I’ve made a public repository on github.
It is a fork of superzazu/8080 plus my additions tailored to Altair BASIC. and the PicoCalc. It uses drivers from picocalc-text-starter (made it easier to get up and running on PicoCalc fast).
Since it’s a full version of supersazu’s code, you can build the emulator alone by running their Makefile at the top level, the PicoCalc binary is built using cmake, and instructions for both are in the README.md
You’ll need to obtain a copy of Altair BASIC itself..
This project does not distribute Microsoft’s Altair BASIC binaries. You must supply your own copy from legally obtained sources (e.g., original cassette, licensed distribution, or source as released by GatesNotes for educational purposes).”
I got mine off of an original cassette tape i own (I’m releasing the code needed to decode a tape to a .bin file separately on github here). It takes a file called basicload.bin – this is just a flat memory dump starting at address 0x0000 up to the end of BASIC.
Over and above what you get with the emulator, my code adds the following:
- Redirecting CSAVE/CLOAD to/from files in the /Altair/tapes directory rather than using an actuall cassette interface. Presently it’s using BASIC’s limitation of having a single character to name the file.. future versions can extend this to full file names..
- Reversing the sense of the shift key for alpha characters… it defaults to typing upper case alpha, to get lower case you hit shift and the character. Makes it easier to type in BASIC programs because all the keywords are in upper case and BASIC is case sensitive.
- By typing a ctrl-i, you can source in a basic listing in a text file on /Altair or below.. Makes it easy to write basic programs because BASIC’s editing capabilities are primitive. So you can write your programs on another computer with a modern editor, save them onto the SD card, and source them in to BASIC. A future version will have the ability to dump a text version of the BASIC program in memory out to a text file.
- Altair 8K BASIC V3.2 has a bug.. if you have a full 64k of ram, with no rom (our case) BASIC’s memory sizing code will probe from the end of BASIC to 0xffff, then wrap around to 0x0000 and ultimately probe itself to death. To solve it my memory code forces 0xffff to look like ROM – so you get the full 64k minus one byte.
Upon startup BASIC will ask for MEMORY SIZE… you can type a number less than the full memory to reserve high memory for any machine language code you put into memory, or just hit enter to get as much as possible. It will ask for the terminal width.. you can type a number or hit enter for the default (which seems to work on PicoCalc). It will ask you if you want certain trig functions configured in or not… this mattered more when people only had a few K of RAM.
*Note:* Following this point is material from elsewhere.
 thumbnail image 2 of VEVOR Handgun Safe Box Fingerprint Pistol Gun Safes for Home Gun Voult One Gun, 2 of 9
NOTE!: When they wrote basic, most were using teletypes for terminal io and the modern backspace key was non-existent. You have to use an underscore to delete the previous character typed on a line. To delete more than one recent characters type more than one underscore. It’s not WYSIWYG, so editing lines is difficult. Refer to the Altair BASIC manual for details.
Enjoy… let me know if anyone has success or ideas for improvements.